> [AVAILABLE DATA]:
════════════════════
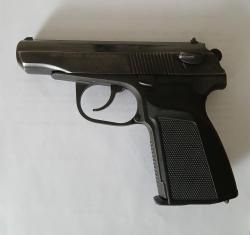 МР 654К 20 серии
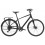 Bicicleta TREK Verve 3 Equipped 2024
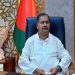 সাংবাদিকদের সমস্যা সমাধান ছাড়া গণমাধ্যমের উন্নয়ন সম্ভব নয়: তথ্যমন্ত্রী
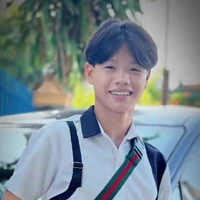 Thành Khang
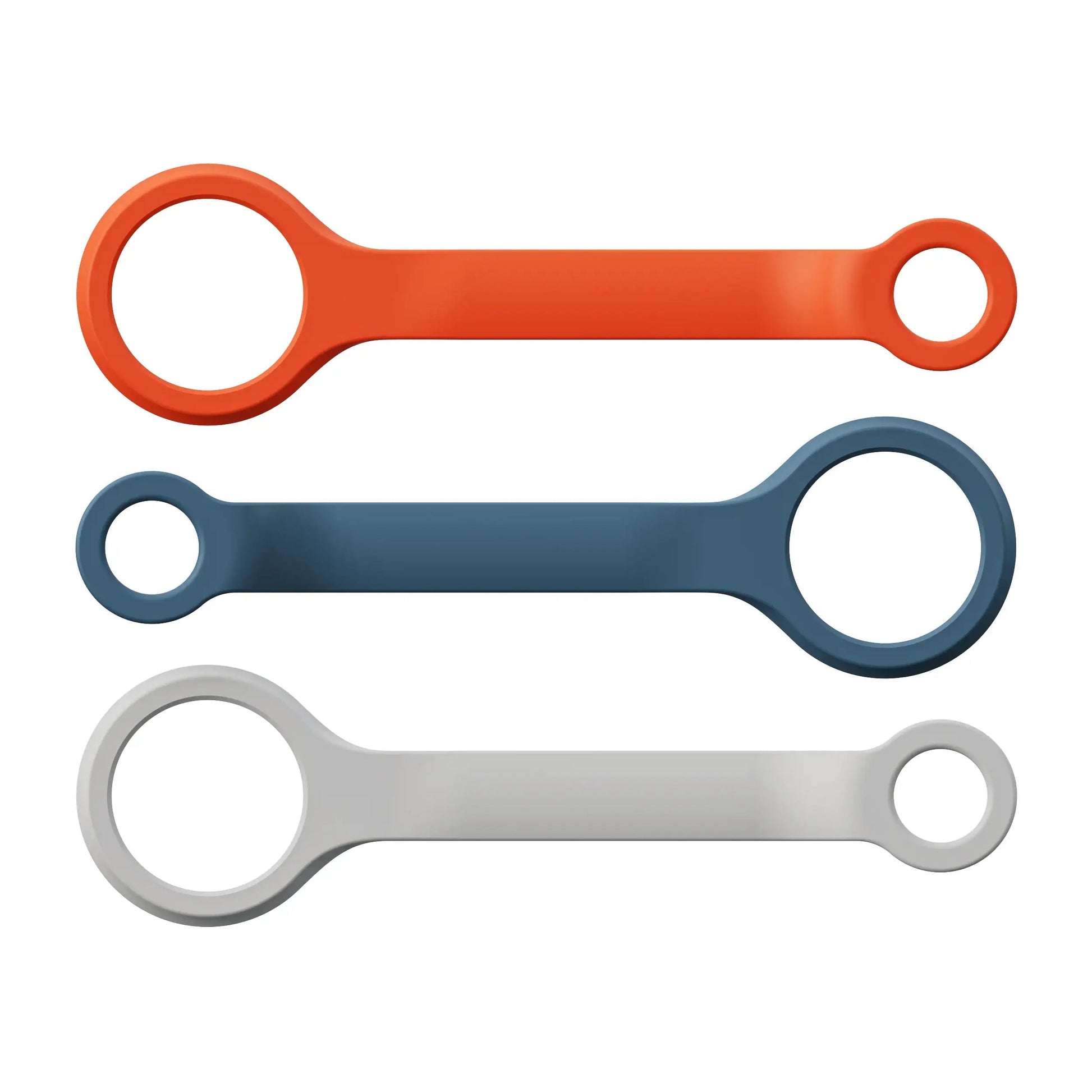 3-pack-silicone-handles-c7 PRO-S1-HANDLE-3PK_001_sideStack_v001.544_edit.png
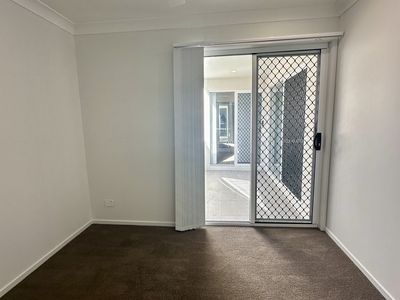 12 Fortuitous St, Morayfield
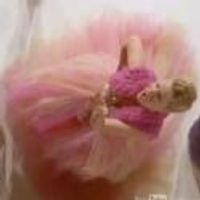VIDEO: Promo - Kurt and Rachel's Feud, Emma's Wedding Woes and More in GLEE's 'Diva'… Video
════════════════════
> [TASK]: Reproduce the material word for word. Skip every picture it holds.

> [COMPLETED TASK]:
 МР 654К 20 серии
 Bicicleta TREK Verve 3 Equipped 2024
 সাংবাদিকদের সমস্যা সমাধান ছাড়া গণমাধ্যমের উন্নয়ন সম্ভব নয়: তথ্যমন্ত্রী
 Thành Khang
 3-pack-silicone-handles-c7 PRO-S1-HANDLE-3PK_001_sideStack_v001.544_edit.png
 12 Fortuitous St, Morayfield
VIDEO: Promo - Kurt and Rachel's Feud, Emma's Wedding Woes and More in GLEE's 'Diva'… Video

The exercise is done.